Codecademy Logo

How Do I Make Sure My Database Stays Intact?

Database Transaction with ACID Properties

When working with a database, a single unit of work is defined as a transaction. While this unit of work can vary between databases in terms of its complexity, every transaction must maintain ACID properties. This allows for concurrent use of the database and helps with recovery in the case of a system failure.

| Step Number | Actions |
|-------------|---------------------------|
| 1 | SELECT * FROM database.db |
| 2 | INSERT INTO database.db |
| 3 | SELECT * FROM database.db |
// The above set of queries is an example of a possible database transaction. Note that in some databases a transaction could be a single query.

Atomicity in ACID

When working with a database transaction, the ACID property Atomic means that if any part of the transaction fails, then the entire transaction will fail as well. This means that the database would remain unchanged once the transaction has finished if any one part fails.

| Step Number | Actions |
|-------------|---------------------------|
| 1 | SELECT * FROM database.db |
| 2 | INSERT INTO database.db |
| 3 | SELECT * FROM database.db |
// In the above transaction, to demonstrate atomicity, should any one step fail then every other step in the transaction would fail. For instance, if steps 1 and 2 passed but step 3 failed, then the transaction would revert and fail steps 1 and 2.

Consistency in ACID

In most databases, certain constraints and triggers exist within it to ensure that all of the data is consistent. Transaction within the database must also follow these rules to maintain Consistency in the ACID properties.

| Database Rules |
|---------------------------------------------|
| All employee salaries must be an integer |
| All employee IDs must be unique |
| No store can have more than fifty employees |
// In the above set of rules for a database, any transaction wanting to maintain Consistency must follow each rule. Should any rule be broken, the transaction would no longer maintain ACID properties.

Isolation in ACID

When using multiple database transactions at once, the ACID property of Isolation ensures that no two transactions interact with each other at the same time. Should two transactions end up interacting, they will be performed sequentially as to maintain isolation.
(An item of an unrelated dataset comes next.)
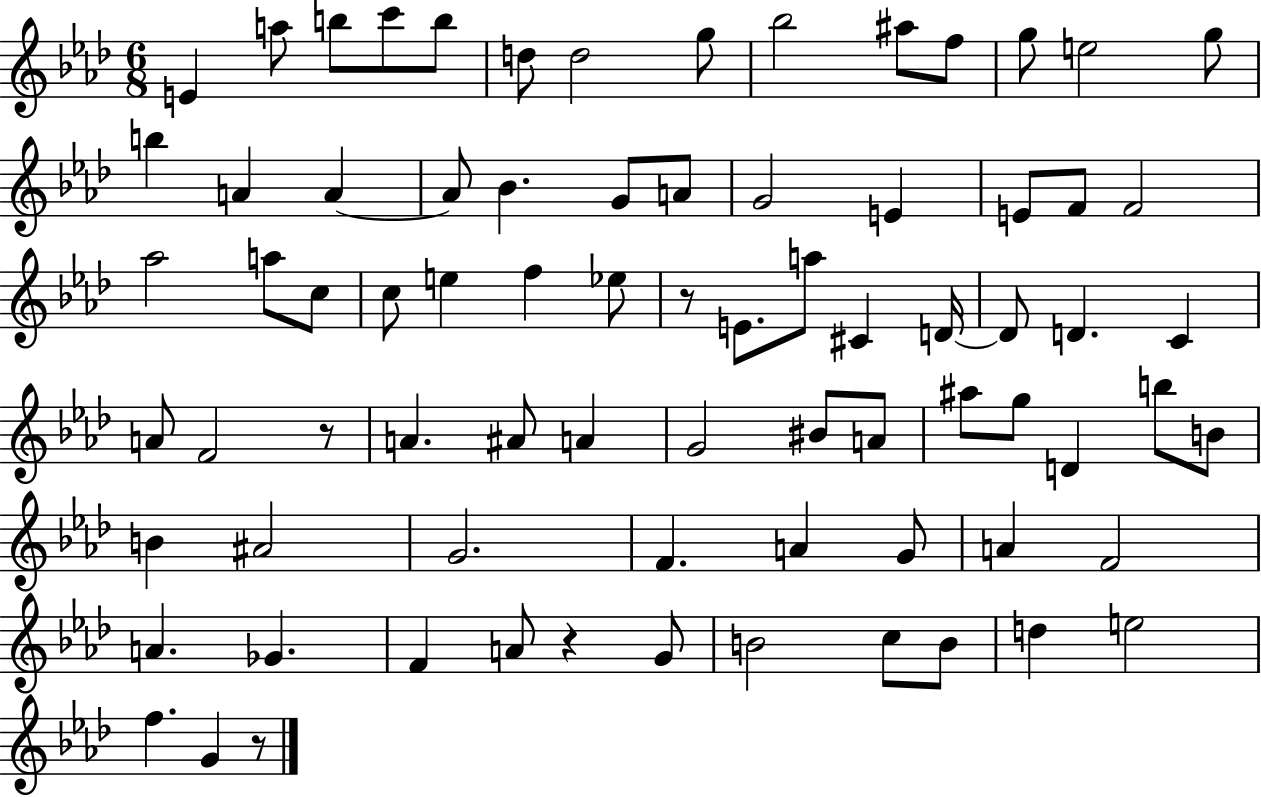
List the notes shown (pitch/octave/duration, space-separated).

E4/q A5/e B5/e C6/e B5/e D5/e D5/h G5/e Bb5/h A#5/e F5/e G5/e E5/h G5/e B5/q A4/q A4/q A4/e Bb4/q. G4/e A4/e G4/h E4/q E4/e F4/e F4/h Ab5/h A5/e C5/e C5/e E5/q F5/q Eb5/e R/e E4/e. A5/e C#4/q D4/s D4/e D4/q. C4/q A4/e F4/h R/e A4/q. A#4/e A4/q G4/h BIS4/e A4/e A#5/e G5/e D4/q B5/e B4/e B4/q A#4/h G4/h. F4/q. A4/q G4/e A4/q F4/h A4/q. Gb4/q. F4/q A4/e R/q G4/e B4/h C5/e B4/e D5/q E5/h F5/q. G4/q R/e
| Transaction 1 | Transaction 2 |
|----------------------|----------------------|
| SELECT * FROM table1 | SELECT * FROM table2 |
| INSERT INTO table2 | INSERT INTO table1 |
| INSERT INTO table 1 | INSERT INTO table1 |
// Notice how in these two transactions that both are set to interact with table1 and table2. Because of this, the transactions would occur sequentially to maintain the Isolation ACID property.

Durability in ACID

Once a database transaction has finished its operations, it must ensure that its operations were fully committed. This act is the Durability part of ACID properties, and makes sure the data can be recovered should anything go wrong.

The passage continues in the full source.